» WHAT TO DO:
Please copy out the entries below exactly, beginning with the line that contains "Roasted chicken legs" and ending with the line that contains "a living room with", and include nothing outside that span.

» GIVEN ENTRIES:
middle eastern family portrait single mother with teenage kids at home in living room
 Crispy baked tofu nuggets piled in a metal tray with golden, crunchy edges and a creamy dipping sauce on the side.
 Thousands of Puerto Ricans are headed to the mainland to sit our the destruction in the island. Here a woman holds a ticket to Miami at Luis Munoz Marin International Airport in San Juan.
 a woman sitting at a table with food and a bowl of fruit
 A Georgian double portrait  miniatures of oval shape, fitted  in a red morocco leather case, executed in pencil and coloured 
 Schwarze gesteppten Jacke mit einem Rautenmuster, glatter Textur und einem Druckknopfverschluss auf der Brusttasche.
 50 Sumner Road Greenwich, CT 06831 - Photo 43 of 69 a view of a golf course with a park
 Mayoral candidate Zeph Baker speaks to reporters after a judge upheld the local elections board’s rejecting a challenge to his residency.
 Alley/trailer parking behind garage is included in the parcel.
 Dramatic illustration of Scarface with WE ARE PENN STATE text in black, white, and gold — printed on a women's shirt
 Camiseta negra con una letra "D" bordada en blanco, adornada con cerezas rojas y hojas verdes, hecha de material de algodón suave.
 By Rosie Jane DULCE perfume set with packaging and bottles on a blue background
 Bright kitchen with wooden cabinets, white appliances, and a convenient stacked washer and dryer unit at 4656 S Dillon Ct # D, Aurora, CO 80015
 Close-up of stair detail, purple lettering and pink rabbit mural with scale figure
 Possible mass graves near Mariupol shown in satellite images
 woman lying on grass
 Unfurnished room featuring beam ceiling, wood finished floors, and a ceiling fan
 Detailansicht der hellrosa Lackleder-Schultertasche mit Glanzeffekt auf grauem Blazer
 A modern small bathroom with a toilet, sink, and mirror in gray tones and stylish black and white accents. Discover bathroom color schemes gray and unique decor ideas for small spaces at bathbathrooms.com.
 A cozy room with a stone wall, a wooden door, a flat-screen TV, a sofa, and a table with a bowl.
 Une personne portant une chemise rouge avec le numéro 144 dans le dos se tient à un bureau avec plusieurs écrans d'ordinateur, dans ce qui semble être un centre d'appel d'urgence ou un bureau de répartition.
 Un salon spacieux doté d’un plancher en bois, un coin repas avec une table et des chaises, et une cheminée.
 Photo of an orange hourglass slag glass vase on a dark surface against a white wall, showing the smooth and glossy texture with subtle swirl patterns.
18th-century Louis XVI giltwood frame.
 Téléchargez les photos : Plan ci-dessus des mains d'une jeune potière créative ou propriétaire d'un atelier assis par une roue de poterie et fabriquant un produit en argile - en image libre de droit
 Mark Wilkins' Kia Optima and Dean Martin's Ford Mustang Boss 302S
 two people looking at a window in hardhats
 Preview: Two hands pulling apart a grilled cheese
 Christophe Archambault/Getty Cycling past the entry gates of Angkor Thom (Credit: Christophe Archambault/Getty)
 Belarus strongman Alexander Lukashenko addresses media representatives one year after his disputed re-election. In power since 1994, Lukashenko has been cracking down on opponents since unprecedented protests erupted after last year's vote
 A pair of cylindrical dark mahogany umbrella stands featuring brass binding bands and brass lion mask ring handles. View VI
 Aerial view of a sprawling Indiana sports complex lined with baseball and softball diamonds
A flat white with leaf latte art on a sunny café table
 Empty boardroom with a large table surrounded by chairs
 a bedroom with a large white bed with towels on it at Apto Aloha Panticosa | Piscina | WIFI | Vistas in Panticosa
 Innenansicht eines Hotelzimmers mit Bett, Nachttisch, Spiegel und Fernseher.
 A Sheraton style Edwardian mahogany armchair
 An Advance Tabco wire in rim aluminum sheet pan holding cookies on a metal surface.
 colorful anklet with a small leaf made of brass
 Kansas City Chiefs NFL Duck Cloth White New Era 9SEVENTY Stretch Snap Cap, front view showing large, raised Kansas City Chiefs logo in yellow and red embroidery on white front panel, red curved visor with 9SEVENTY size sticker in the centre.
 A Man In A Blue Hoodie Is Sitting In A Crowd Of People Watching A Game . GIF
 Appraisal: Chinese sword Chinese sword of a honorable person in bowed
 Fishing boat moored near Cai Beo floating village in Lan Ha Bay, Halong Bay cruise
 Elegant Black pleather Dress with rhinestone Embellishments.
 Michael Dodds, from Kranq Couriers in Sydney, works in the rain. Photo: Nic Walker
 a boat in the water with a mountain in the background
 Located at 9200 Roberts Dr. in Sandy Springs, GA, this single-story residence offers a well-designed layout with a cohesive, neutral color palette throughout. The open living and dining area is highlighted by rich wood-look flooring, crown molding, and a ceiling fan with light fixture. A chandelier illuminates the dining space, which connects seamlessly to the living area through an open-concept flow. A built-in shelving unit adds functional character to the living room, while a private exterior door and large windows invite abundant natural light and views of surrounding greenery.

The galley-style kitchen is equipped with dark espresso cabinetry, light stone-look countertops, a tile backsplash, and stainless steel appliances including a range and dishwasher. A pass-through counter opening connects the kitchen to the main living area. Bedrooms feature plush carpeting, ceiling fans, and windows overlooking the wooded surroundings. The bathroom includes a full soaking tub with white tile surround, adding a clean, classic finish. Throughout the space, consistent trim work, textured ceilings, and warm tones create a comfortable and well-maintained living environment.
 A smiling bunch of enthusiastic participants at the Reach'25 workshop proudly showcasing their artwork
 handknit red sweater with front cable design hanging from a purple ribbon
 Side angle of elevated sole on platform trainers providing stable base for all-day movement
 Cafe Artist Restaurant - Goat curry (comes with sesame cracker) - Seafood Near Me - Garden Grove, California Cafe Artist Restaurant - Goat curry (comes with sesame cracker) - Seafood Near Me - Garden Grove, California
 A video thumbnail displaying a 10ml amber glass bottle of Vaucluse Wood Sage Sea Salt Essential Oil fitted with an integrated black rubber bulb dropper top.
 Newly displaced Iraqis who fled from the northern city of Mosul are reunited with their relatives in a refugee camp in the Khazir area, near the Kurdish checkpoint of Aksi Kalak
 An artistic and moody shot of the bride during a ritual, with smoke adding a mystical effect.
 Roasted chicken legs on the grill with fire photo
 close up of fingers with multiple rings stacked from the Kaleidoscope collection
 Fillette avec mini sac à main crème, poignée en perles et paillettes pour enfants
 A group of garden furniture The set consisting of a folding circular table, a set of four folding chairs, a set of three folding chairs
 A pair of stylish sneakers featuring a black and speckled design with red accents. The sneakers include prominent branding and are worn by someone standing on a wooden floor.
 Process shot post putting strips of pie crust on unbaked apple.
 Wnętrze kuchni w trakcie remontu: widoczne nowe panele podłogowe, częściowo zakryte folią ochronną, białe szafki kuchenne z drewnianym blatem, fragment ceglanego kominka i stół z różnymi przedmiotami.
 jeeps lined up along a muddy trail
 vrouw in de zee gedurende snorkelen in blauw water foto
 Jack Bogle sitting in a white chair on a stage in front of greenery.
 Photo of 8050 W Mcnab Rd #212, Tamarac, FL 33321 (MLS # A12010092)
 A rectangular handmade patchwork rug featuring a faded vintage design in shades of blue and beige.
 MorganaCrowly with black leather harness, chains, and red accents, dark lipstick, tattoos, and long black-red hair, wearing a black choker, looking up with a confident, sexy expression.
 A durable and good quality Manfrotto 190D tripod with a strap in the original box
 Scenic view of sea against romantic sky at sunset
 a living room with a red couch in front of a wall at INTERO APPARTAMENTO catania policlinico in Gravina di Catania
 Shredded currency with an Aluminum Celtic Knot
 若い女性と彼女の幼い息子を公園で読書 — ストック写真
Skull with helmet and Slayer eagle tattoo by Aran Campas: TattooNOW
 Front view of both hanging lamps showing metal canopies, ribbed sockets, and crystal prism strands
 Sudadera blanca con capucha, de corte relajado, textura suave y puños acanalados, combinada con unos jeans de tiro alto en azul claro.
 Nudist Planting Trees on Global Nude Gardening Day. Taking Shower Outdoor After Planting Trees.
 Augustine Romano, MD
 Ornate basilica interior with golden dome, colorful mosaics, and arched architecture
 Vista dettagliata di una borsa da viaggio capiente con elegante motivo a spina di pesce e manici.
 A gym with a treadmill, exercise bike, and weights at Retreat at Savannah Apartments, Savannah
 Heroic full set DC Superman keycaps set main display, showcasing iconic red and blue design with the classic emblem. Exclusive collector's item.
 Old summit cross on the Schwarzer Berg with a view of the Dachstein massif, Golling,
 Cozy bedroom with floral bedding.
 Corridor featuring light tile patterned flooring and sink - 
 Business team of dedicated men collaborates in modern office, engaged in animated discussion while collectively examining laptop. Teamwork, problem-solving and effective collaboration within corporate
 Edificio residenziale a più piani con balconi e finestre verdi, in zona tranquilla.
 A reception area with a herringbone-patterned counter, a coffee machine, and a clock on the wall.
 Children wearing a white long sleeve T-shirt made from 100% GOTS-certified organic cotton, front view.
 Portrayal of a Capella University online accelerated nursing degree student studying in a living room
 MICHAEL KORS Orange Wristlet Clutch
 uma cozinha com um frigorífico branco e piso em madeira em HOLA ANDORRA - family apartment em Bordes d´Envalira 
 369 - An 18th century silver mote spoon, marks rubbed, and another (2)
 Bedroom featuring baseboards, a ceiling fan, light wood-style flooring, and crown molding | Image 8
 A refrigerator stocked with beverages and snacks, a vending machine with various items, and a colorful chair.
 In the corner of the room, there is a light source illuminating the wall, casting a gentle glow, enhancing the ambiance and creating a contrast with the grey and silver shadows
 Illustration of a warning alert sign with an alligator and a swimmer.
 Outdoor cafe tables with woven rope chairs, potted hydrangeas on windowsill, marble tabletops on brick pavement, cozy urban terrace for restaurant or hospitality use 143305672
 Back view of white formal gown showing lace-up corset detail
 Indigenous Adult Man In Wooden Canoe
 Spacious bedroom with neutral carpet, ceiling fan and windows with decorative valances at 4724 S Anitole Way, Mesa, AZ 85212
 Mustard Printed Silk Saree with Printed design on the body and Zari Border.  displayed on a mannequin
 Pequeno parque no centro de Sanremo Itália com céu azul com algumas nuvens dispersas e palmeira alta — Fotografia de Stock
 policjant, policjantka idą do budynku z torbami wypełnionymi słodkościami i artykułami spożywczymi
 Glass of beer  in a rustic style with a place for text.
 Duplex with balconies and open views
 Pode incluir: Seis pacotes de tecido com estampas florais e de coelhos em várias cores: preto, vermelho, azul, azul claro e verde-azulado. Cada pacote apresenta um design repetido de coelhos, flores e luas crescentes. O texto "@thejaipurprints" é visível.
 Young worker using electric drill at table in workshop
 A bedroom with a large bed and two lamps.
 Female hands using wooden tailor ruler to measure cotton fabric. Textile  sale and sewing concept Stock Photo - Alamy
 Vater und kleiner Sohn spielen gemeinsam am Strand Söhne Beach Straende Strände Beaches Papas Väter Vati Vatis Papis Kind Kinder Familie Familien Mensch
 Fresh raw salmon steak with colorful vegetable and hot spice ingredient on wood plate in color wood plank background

» EXERCISE ANSWER:
 Roasted chicken legs on the grill with fire photo
 close up of fingers with multiple rings stacked from the Kaleidoscope collection
 Fillette avec mini sac à main crème, poignée en perles et paillettes pour enfants
 A group of garden furniture The set consisting of a folding circular table, a set of four folding chairs, a set of three folding chairs
 A pair of stylish sneakers featuring a black and speckled design with red accents. The sneakers include prominent branding and are worn by someone standing on a wooden floor.
 Process shot post putting strips of pie crust on unbaked apple.
 Wnętrze kuchni w trakcie remontu: widoczne nowe panele podłogowe, częściowo zakryte folią ochronną, białe szafki kuchenne z drewnianym blatem, fragment ceglanego kominka i stół z różnymi przedmiotami.
 jeeps lined up along a muddy trail
 vrouw in de zee gedurende snorkelen in blauw water foto
 Jack Bogle sitting in a white chair on a stage in front of greenery.
 Photo of 8050 W Mcnab Rd #212, Tamarac, FL 33321 (MLS # A12010092)
 A rectangular handmade patchwork rug featuring a faded vintage design in shades of blue and beige.
 MorganaCrowly with black leather harness, chains, and red accents, dark lipstick, tattoos, and long black-red hair, wearing a black choker, looking up with a confident, sexy expression.
 A durable and good quality Manfrotto 190D tripod with a strap in the original box
 Scenic view of sea against romantic sky at sunset
 a living room with a red couch in front of a wall at INTERO APPARTAMENTO catania policlinico in Gravina di Catania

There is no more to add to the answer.